Prompt :: Leave the pictures out and quote only the lines from the one with "Mini Top Handle" down to the end of the listing below.

Segment Start: Input data

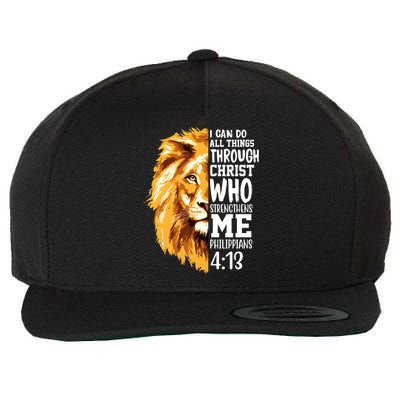 Can Do All Things Through Christ Bible Quote Lion Wool Snapback Cap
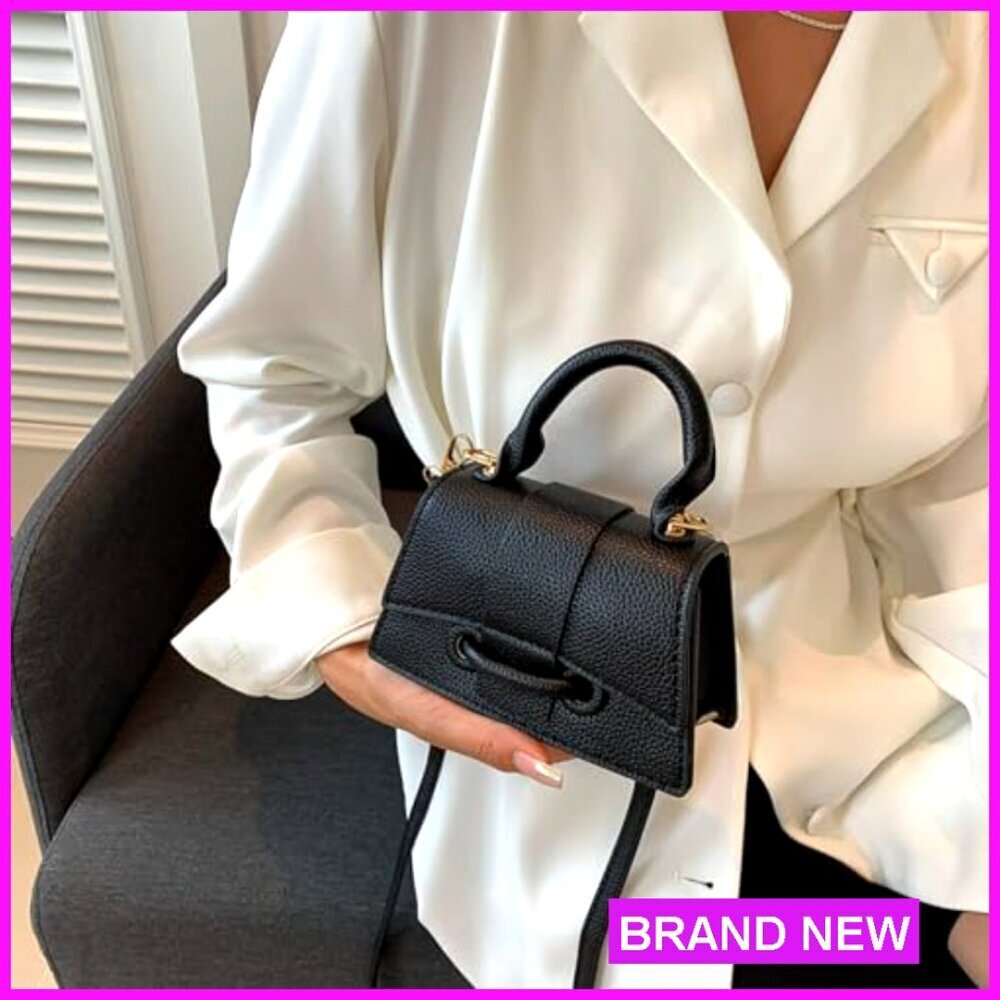 Mini Top Handle Crossbody Bag Vegan Leather Tiny Clutch with Strap - Picture 7 of 7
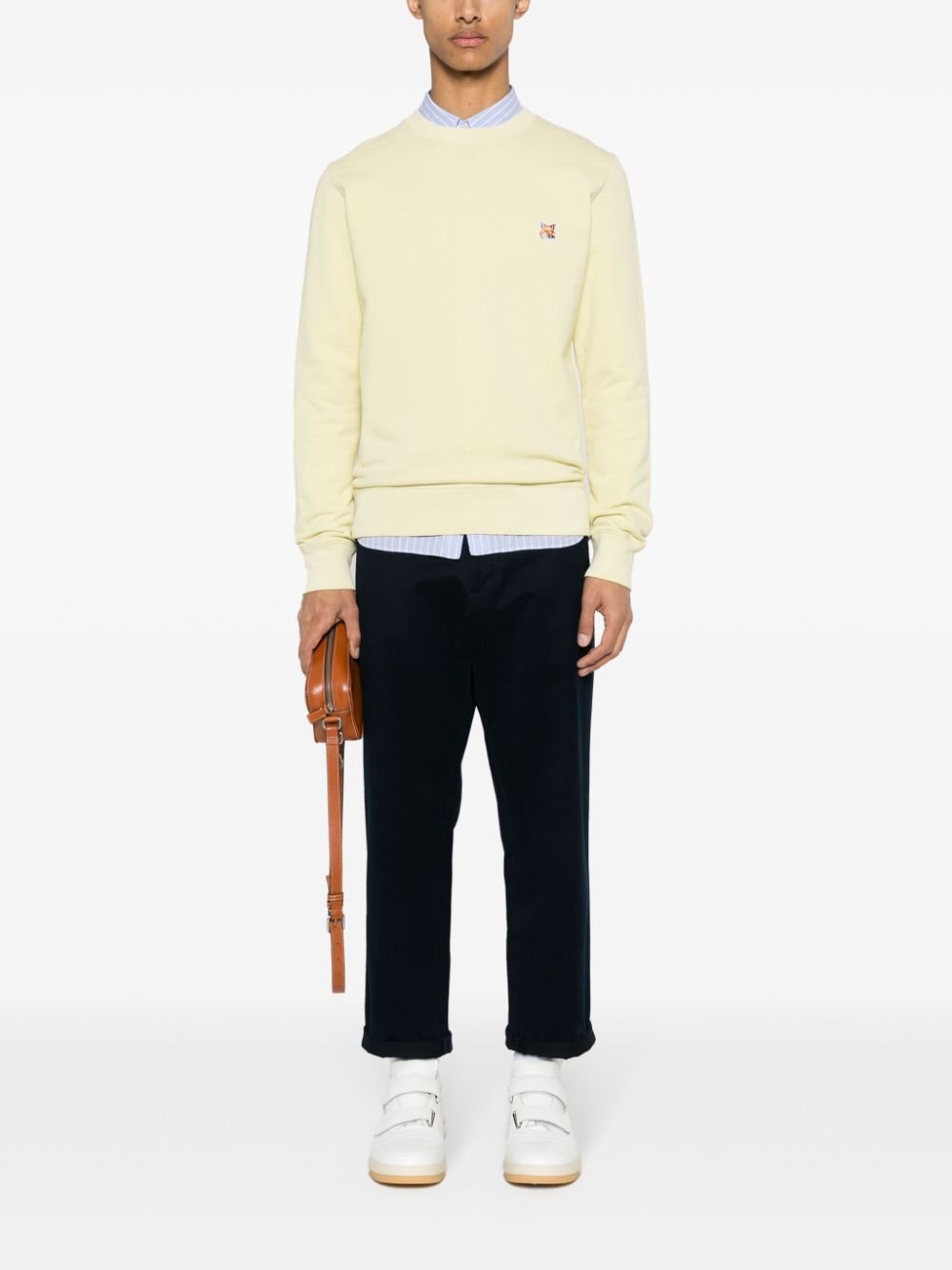 Men Sweatshirts Maison-Kitsune Maison Kitsuné fox-patch Cotton Sweatshirt Yellow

Segment End: Input data

Answer below ::
 Mini Top Handle Crossbody Bag Vegan Leather Tiny Clutch with Strap - Picture 7 of 7
 Men Sweatshirts Maison-Kitsune Maison Kitsuné fox-patch Cotton Sweatshirt Yellow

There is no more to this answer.